> [ABOUT THIS TASK]:
What is needed is an exact copy of every entry below, minus the images.

> [MATERIAL FOR THIS TASK]:
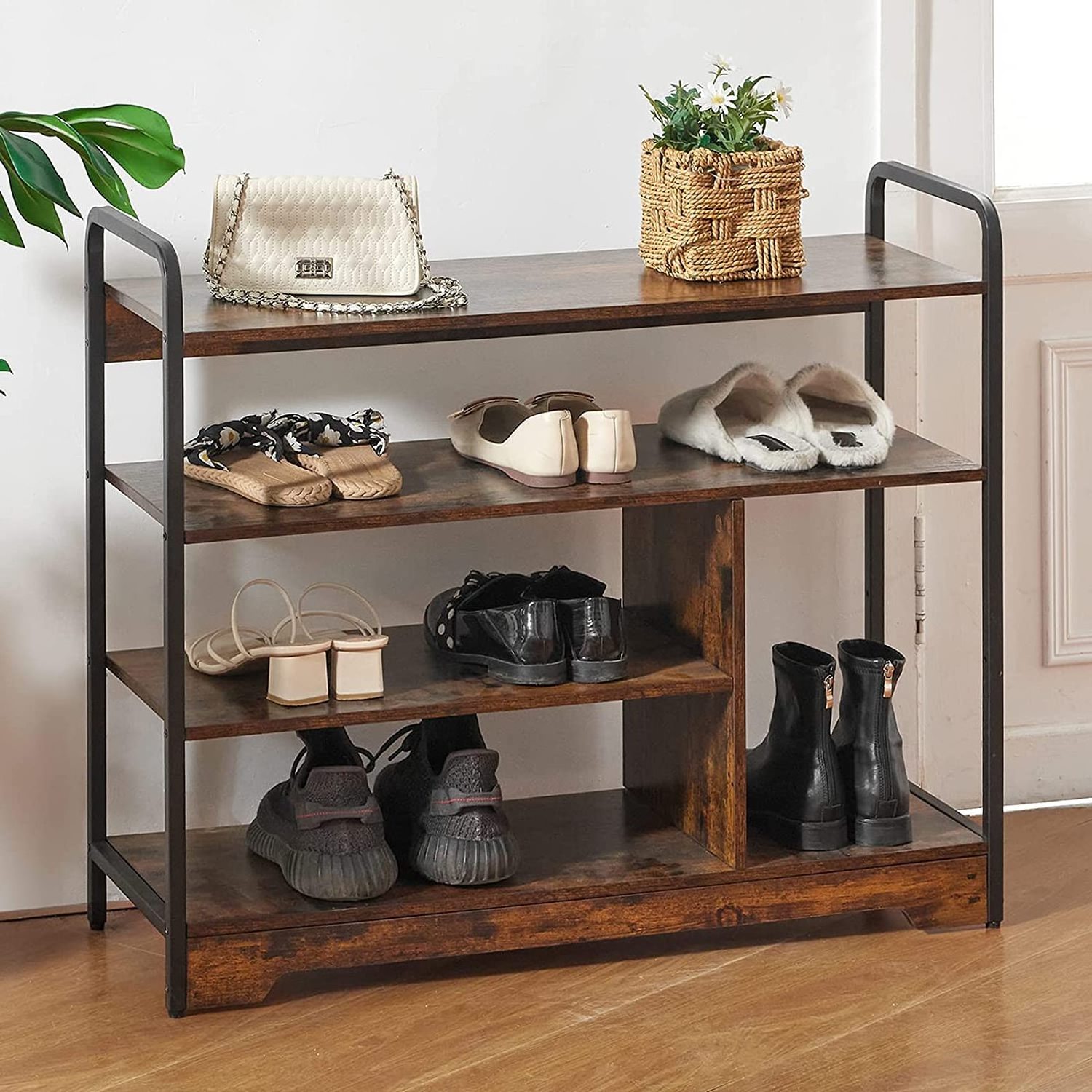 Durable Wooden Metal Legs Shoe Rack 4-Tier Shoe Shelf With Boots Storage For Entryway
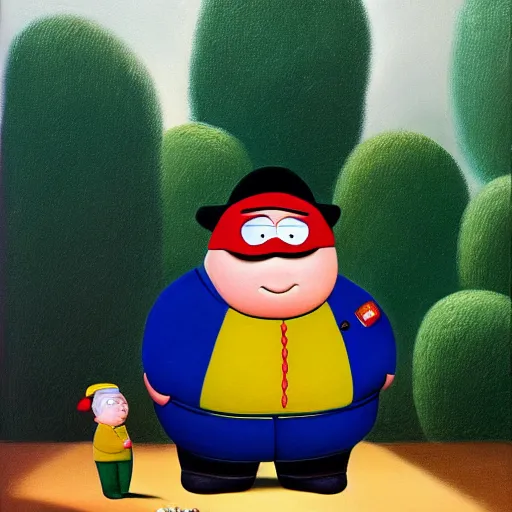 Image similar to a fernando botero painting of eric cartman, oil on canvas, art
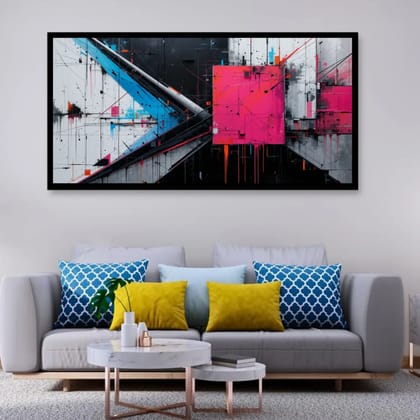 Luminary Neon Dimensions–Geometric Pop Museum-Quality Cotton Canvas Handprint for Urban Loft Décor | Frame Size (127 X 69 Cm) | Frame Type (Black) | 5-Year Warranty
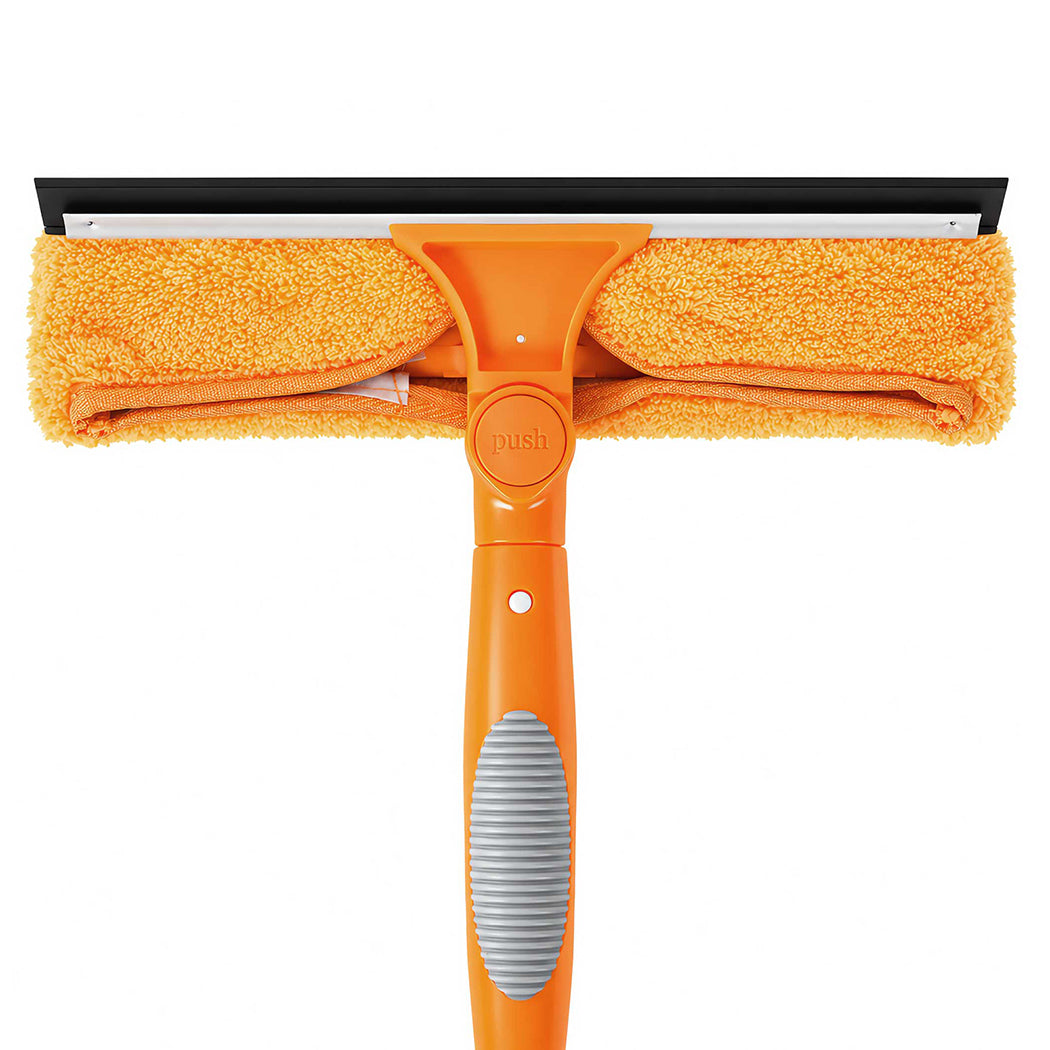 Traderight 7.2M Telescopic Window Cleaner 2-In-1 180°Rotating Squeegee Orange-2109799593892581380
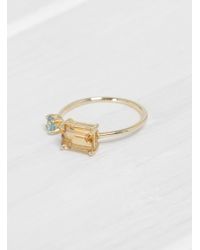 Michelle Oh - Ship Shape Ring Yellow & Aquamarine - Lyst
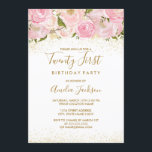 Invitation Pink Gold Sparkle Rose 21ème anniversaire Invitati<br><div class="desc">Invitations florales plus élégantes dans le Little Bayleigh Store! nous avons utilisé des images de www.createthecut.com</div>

> [OUTPUT OF THE TASK]:
 Durable Wooden Metal Legs Shoe Rack 4-Tier Shoe Shelf With Boots Storage For Entryway
 Image similar to a fernando botero painting of eric cartman, oil on canvas, art
 Luminary Neon Dimensions–Geometric Pop Museum-Quality Cotton Canvas Handprint for Urban Loft Décor | Frame Size (127 X 69 Cm) | Frame Type (Black) | 5-Year Warranty
 Traderight 7.2M Telescopic Window Cleaner 2-In-1 180°Rotating Squeegee Orange-2109799593892581380
 Michelle Oh - Ship Shape Ring Yellow & Aquamarine - Lyst
 Invitation Pink Gold Sparkle Rose 21ème anniversaire Invitati<br><div class="desc">Invitations florales plus élégantes dans le Little Bayleigh Store! nous avons utilisé des images de www.createthecut.com</div>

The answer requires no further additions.